*Task item*.
Give the entries below again exactly. Their pictures are not needed.

********************

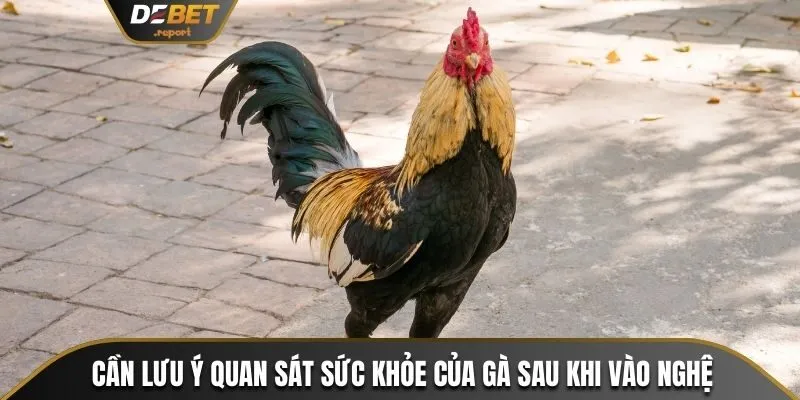 Cách Vào Nghệ Cho Gà Chọi Giúp Tăng Khả Năng Chiến Đấu 4 Cần lưu ý quan sát sức khỏe của gà sau khi vào nghệ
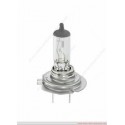 H7 24V 70W LAMPADA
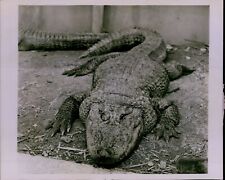 LG865 1965 Original Photo CAIMAN Alligator Relative Reptile Scaly Skin Snout picture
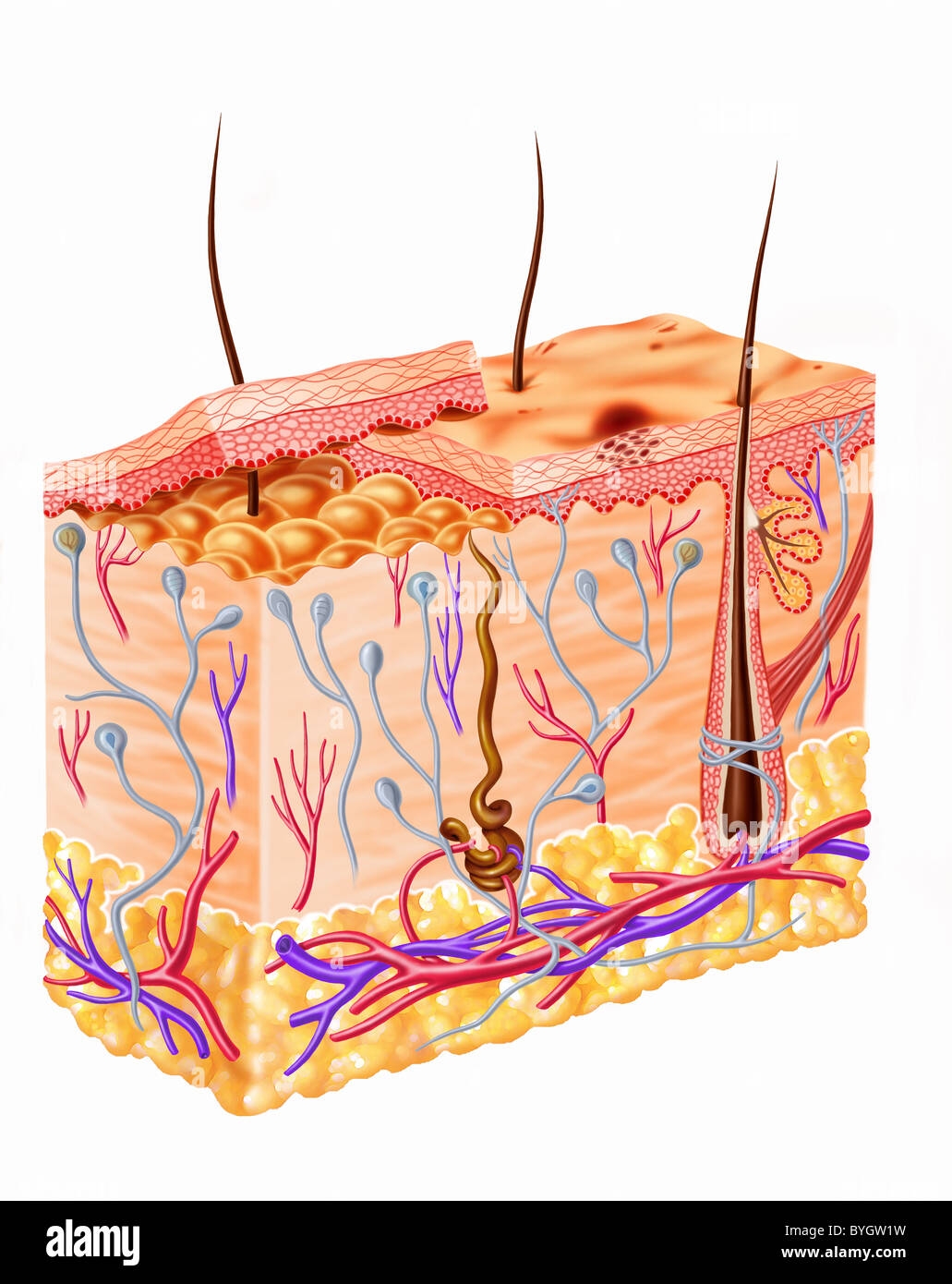 Human Skin Diagram Hi res Stock Photography And Images Alamy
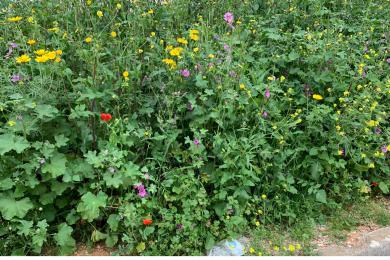 Land Sale - Gerakas, Athens- Eastern Suburbs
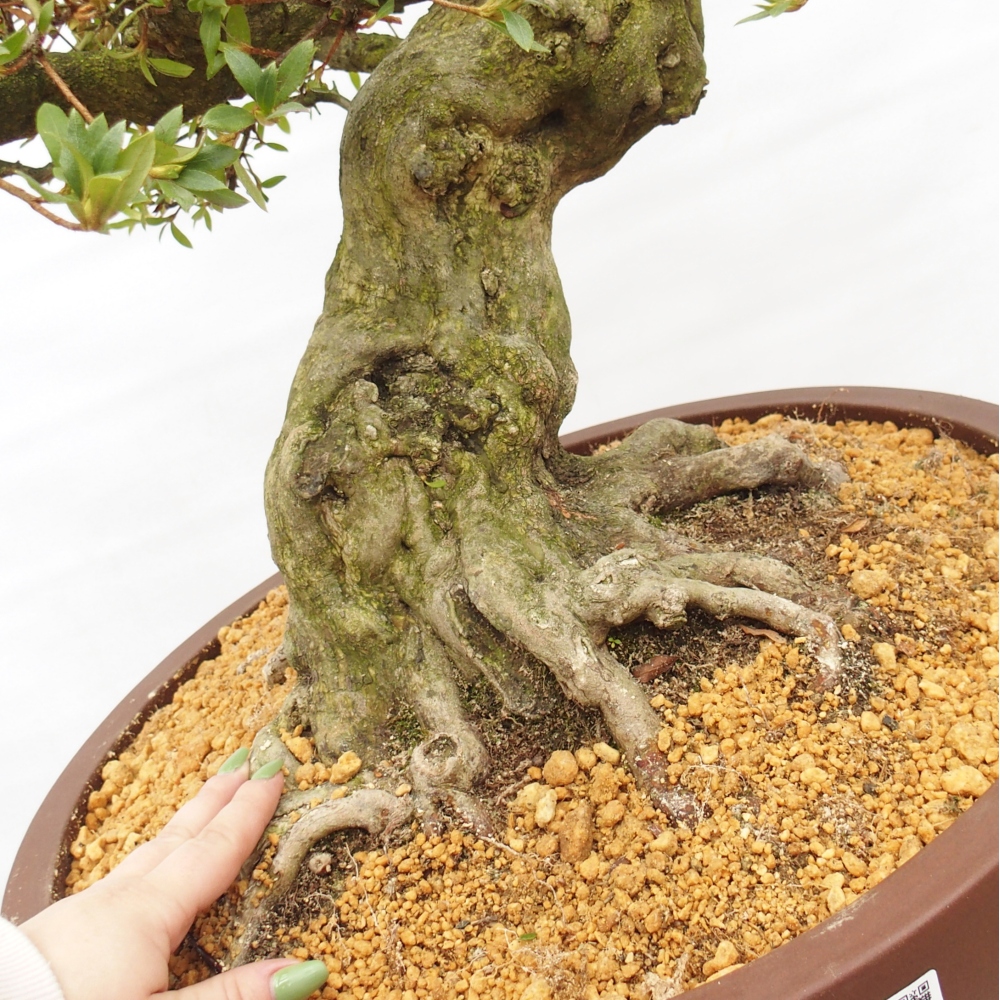 Bonsai für draußen - Japanische Azalee - Azalee Kotobukietsu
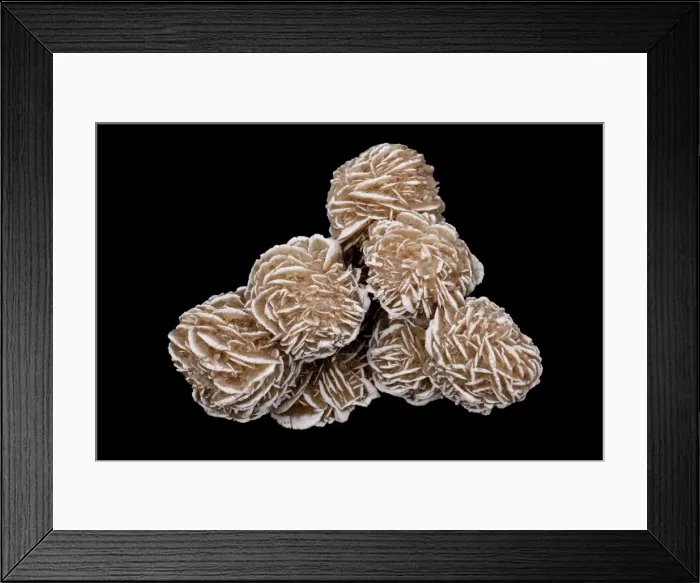 Framed Print : Picture No. 11091677 Framed Print : Picture No. 11091677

********************

*Solution to the exercise*.
 Cách Vào Nghệ Cho Gà Chọi Giúp Tăng Khả Năng Chiến Đấu 4 Cần lưu ý quan sát sức khỏe của gà sau khi vào nghệ
 H7 24V 70W LAMPADA
 LG865 1965 Original Photo CAIMAN Alligator Relative Reptile Scaly Skin Snout picture
 Human Skin Diagram Hi res Stock Photography And Images Alamy
 Land Sale - Gerakas, Athens- Eastern Suburbs
 Bonsai für draußen - Japanische Azalee - Azalee Kotobukietsu
 Framed Print : Picture No. 11091677 Framed Print : Picture No. 11091677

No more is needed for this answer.